---------- Records for the task

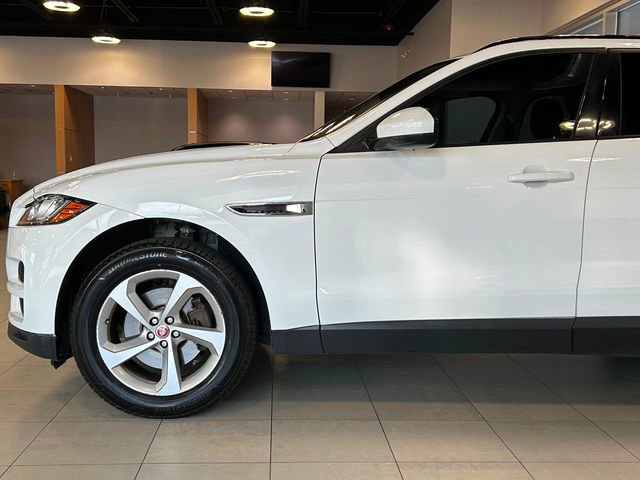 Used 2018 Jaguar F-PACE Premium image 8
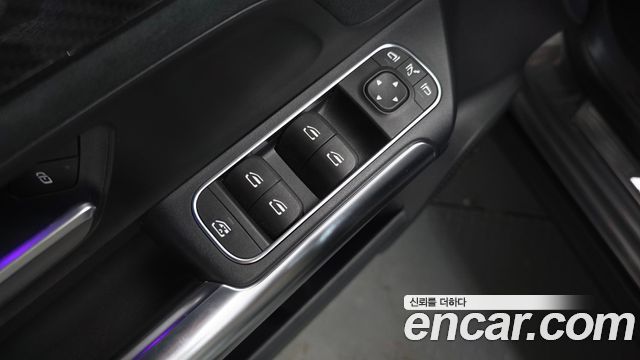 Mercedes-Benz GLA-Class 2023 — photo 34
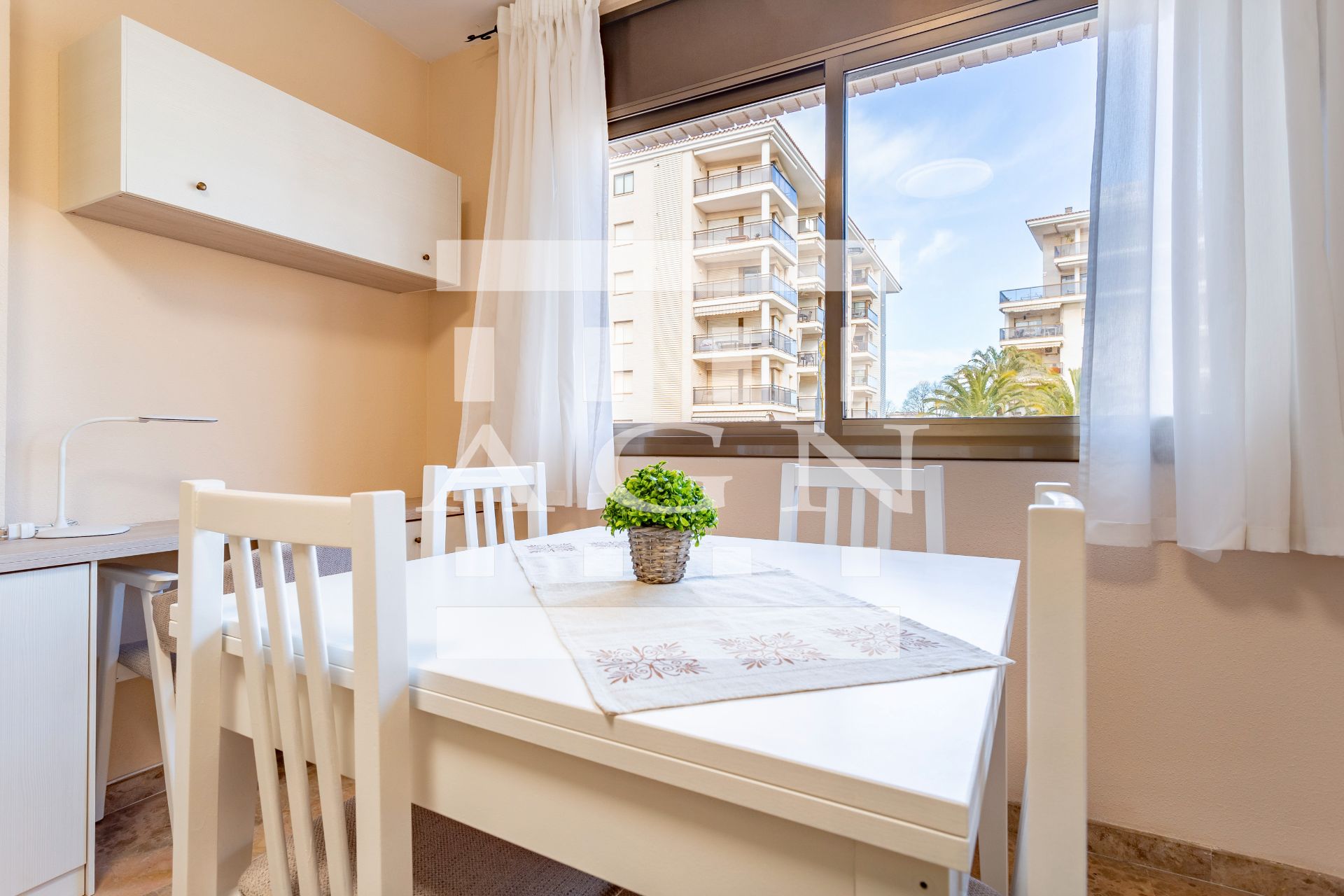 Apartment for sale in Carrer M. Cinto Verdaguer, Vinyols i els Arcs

--------------------
---------- Records for the task

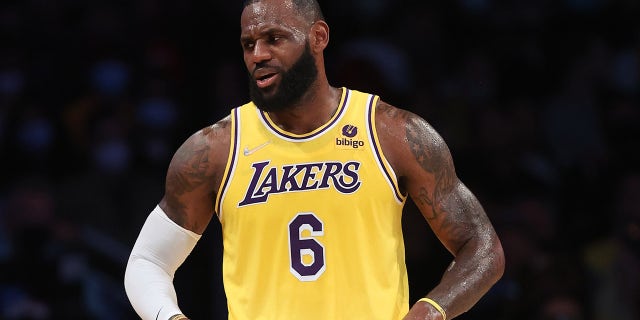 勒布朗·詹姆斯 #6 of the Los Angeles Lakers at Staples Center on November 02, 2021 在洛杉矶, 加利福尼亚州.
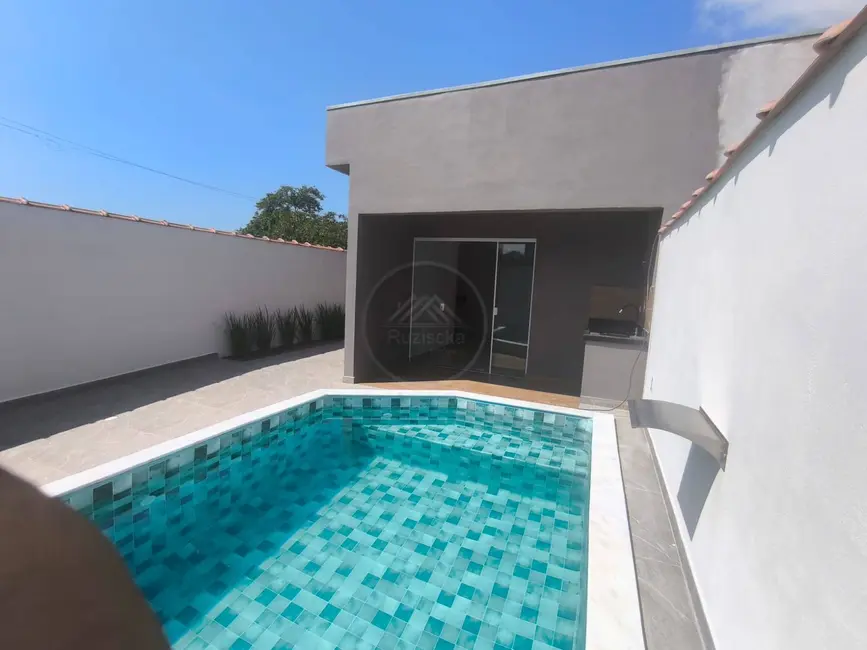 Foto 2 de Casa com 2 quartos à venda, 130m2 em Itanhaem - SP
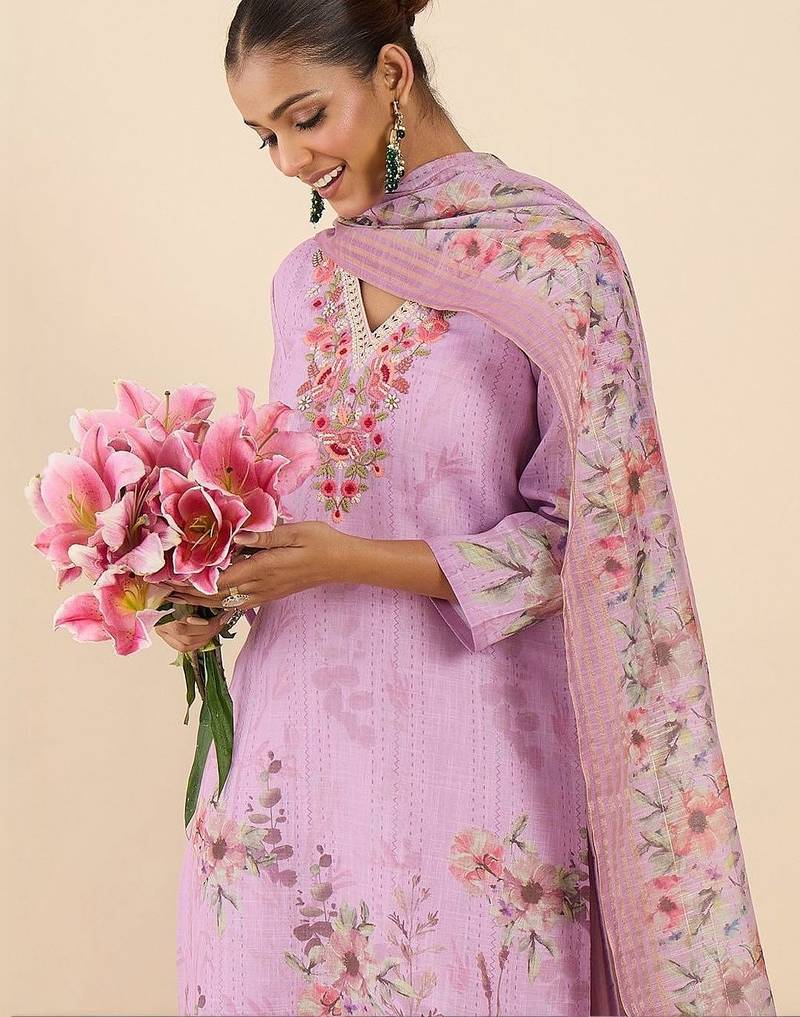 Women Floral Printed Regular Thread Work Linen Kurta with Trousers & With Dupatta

--------------------

Go back to the listing above and reproduce, exactly, the stretch from the line bearing "Used 2018 Jaguar F-PACE Premium image 8" through the line bearing "Apartment for sale", without its pictures.

> [Finished task]
 Used 2018 Jaguar F-PACE Premium image 8
 Mercedes-Benz GLA-Class 2023 — photo 34
 Apartment for sale in Carrer M. Cinto Verdaguer, Vinyols i els Arcs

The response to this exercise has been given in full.